With legislators revisiting a bill to subsidize nuclear power, the co-owners of the Salem nuclear plant in South Jersey will no longer fund capital projects at the generating station.
The announcement, made in a filing to the Securities and Exchange Commission Friday, comes in the wake of the Senate last week postponing a vote on a controversial measure that could have utility customers pay $300 million a year to prop up plants owned by Public Service Enterprise Group and Exelon.
The legislation (S-877) is being pushed by the companies, which have threatened to close two Salem nuclear units and the Hope Creek nuclear station if they do not win financial incentives to keep them open. In a further complication, the bill has been tied to other lucrative subsidies to advance Gov. Phil Murphy’s clean energy agenda.
Ramping up pressure
The decision to suspend new investments at Salem is viewed by opponents of the bill as an attempt by PSEG to ramp up pressure on lawmakers to act on the bill.
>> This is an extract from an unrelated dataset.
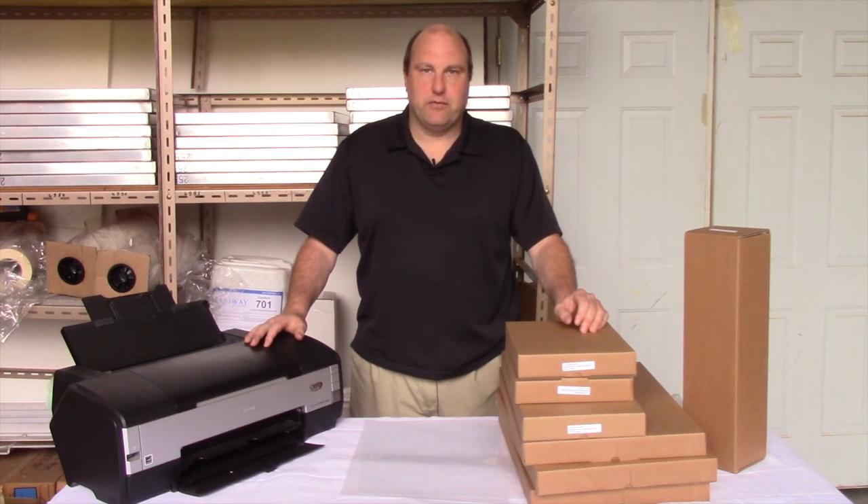Hopefully that helps and gives you a little bit of information about film positives and film positive printing. I'm Bob from the Screen Print Store. Thanks for watching.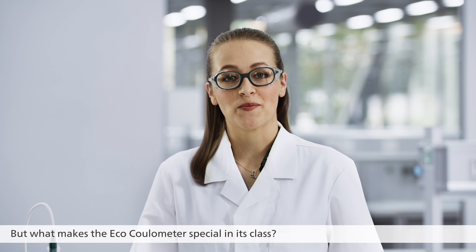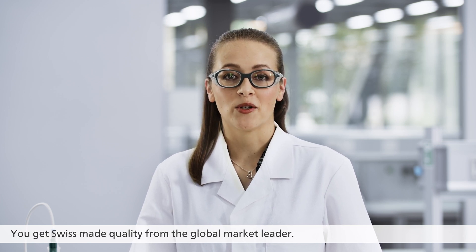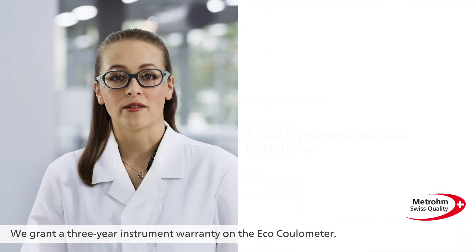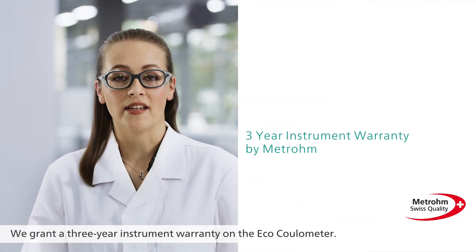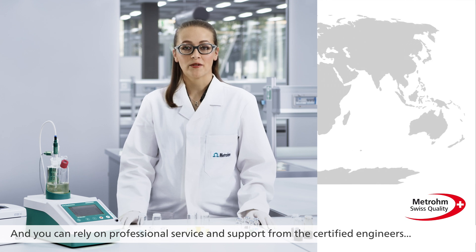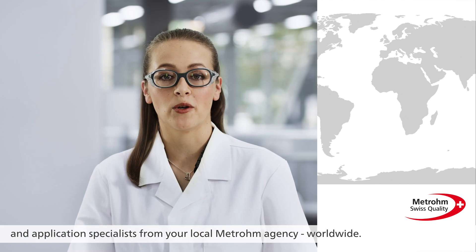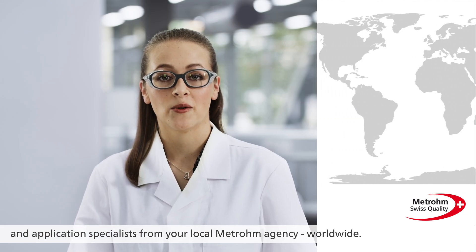But what makes the ECHO Coulometer special in its class? You get Swiss-made quality from the global market leader. We grant a three-year instrument warranty on the ECHO Coulometer, and you can rely on professional service and support from the certified engineers and application specialists from your local Metrohm agency worldwide.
The spending suspension affects neither actions required by the Nuclear Regulatory Commission nor investments needed to ensure the units safe operation, according to the filing.
“It’s more about politics than capital investments,” argued Jeff Tittel, director of the New Jersey Sierra Club, which opposes the bill. “It is part of their strategy to get billion dollars in subsidies.
“They should stay at the table and not use this kind of brinkmanship,” agreed Ed Potosnak, executive director of the New Jersey League of Conservation Voters.
Funding restored when subsidy OK’d
In its filing, PSEG and Exelon said funding for the projects would be restored when and if legislation is enacted in New Jersey that “sufficiently values” the attributes of nuclear energy. Salem is part of a complex that provides nearly 40 percent of the state’s power and more than 90 percent of New Jersey’s carbon-free electricity, according to PSEG.
The projects that are on hold include both small investments and one as large as $40 million, according to Michael Jennings, a spokesman. The company still believes the legislation will end up being passed, he said.
Ralph Izzo, CEO, president, and chairman of PSEG, expressed that optimism in an earnings call February 23 – three days before the Senate balked at passing the bill. “I have a high degree of confidence that New Jersey policymakers understand the value of these plants and will do the right thing, but of course, one cannot predict any outcome,” he said.
Paul Patterson, an energy analyst at Glenrock Associates, said of the filing that it ”seems the company thinks there is increased risk the bill may not go through.”
The measure has had an up-and-down journey through the Legislature. Initially introduced as a standalone bill to help the nuclear plants, it appeared headed for quick passage in the lame-duck session early in January, but was sidetracked by then Gov.-elect Murphy’s push to include more clean-energy items.
Many business groups oppose the bill, arguing the company has not proved its case that the nuclear plants are economically challenged. Some environmentalists contend the lucrative subsidies will undermine efforts to promote renewable energy in New Jersey, a goal of the Murphy administration.